Recipes are validated against a JSON schema before execution. You can run the validation manually via:

```bash
./prism_tools.py recipes validate
```

When you run `./prism_tools.py recipes surveys`, PRISM will:
1.  Scan the dataset for survey files (`sub-*_task-*_survey.tsv`).
2.  Look for a matching recipe in `recipes/surveys/`.
3.  Compute the scores.
4.  Save the results in the dataset under `recipes/surveys/`.
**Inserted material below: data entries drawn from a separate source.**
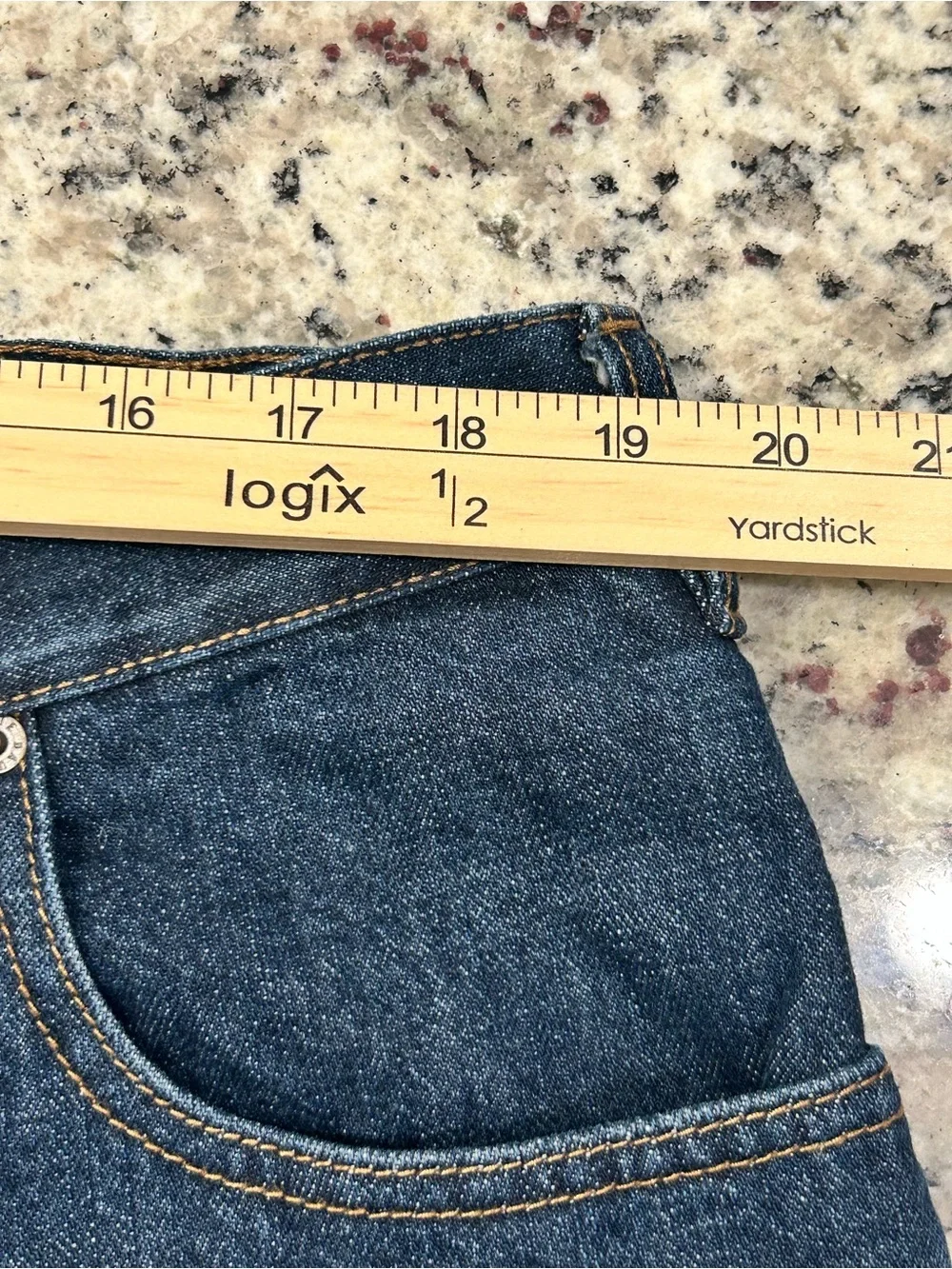 Eddie Bauer Premium Denim Relaxed Blue Plaid Flannel Lined Blue Jeans 38/30 Men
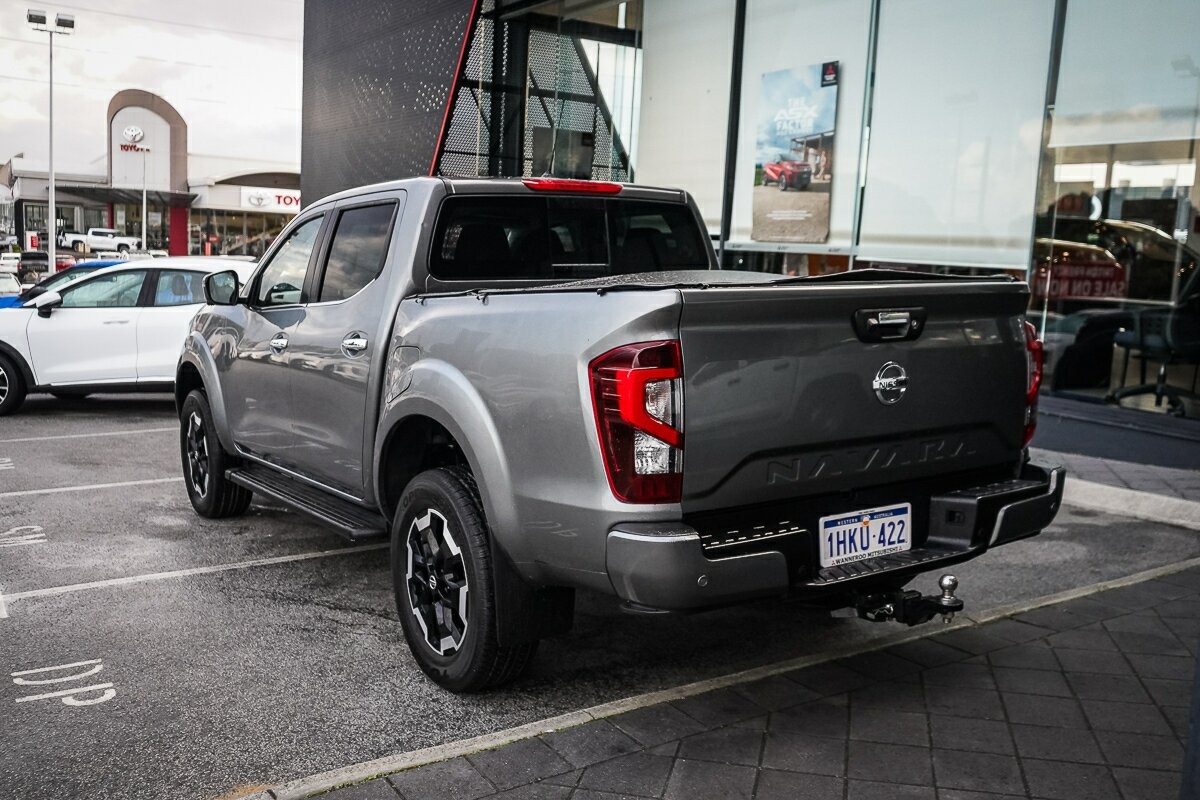 Nissan Navara image 3
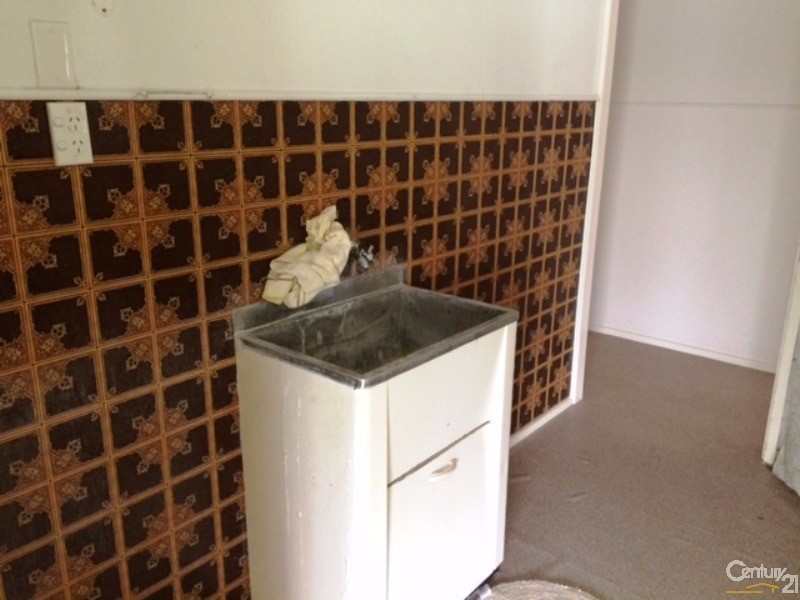 4 Marshall Street, Bowen QLD 4805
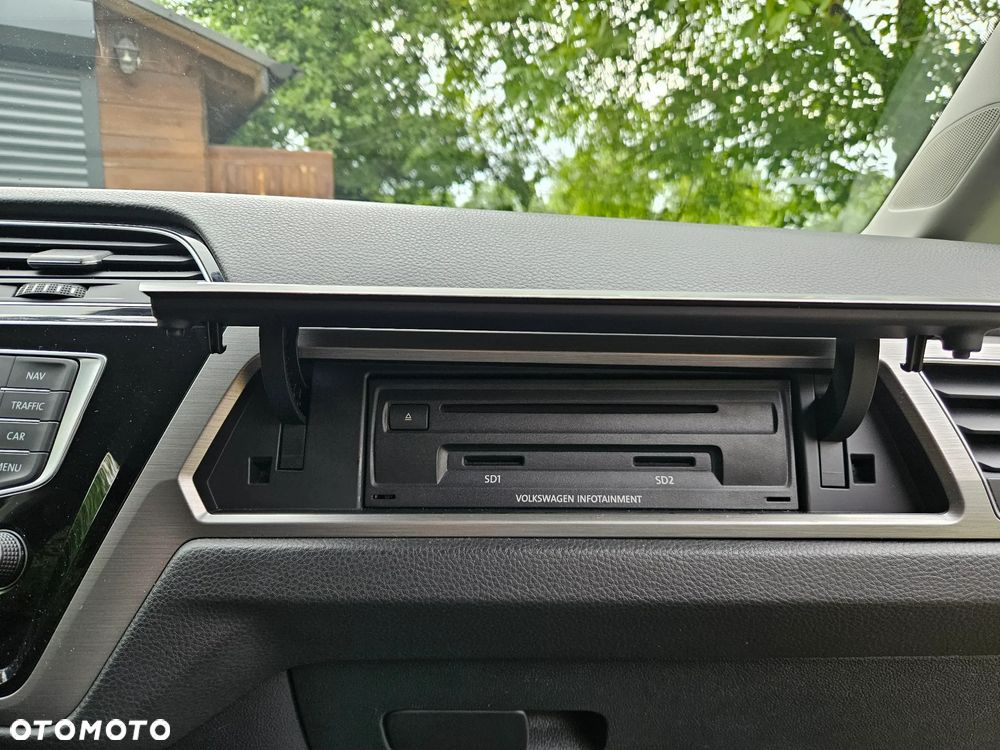 Volkswagen Touran 2.0 TDI SCR Comfortline - 22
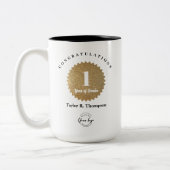 Custom Gold seal 1-Year Employee Service Award  Tweekleurige Koffiemok (Links)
- Recipes are validated **before execution** (fail-fast). If a recipe is malformed (unknown `Method`, missing `Formula`, etc.), derivative generation stops with a clear error message.
- The validator checks, among other things:
  - `Kind` is `survey` or `biometrics`
  - `Survey.TaskName` / `Biometrics.BiometricName` is present
  - `Method` values are from the supported sets documented above
  - `formula` scores contain a `Formula` and every `{placeholder}` is also listed in `Items`

---

## Output Structure

When you run derivatives, PRISM creates a BIDS-compliant derivatives folder:

- `derivatives/surveys/` or `derivatives/biometrics/`
- `dataset_description.json`: Automatically generated metadata file. It inherits `Name`, `Authors`, `License`, and `Funding` from your root dataset description to ensure transparency and reproducibility.
- `<recipe_id>/`: Folders containing the computed scores.

The `dataset_description.json` includes a `GeneratedBy` section identifying `prism-tools` and the specific version used, along with a timestamp.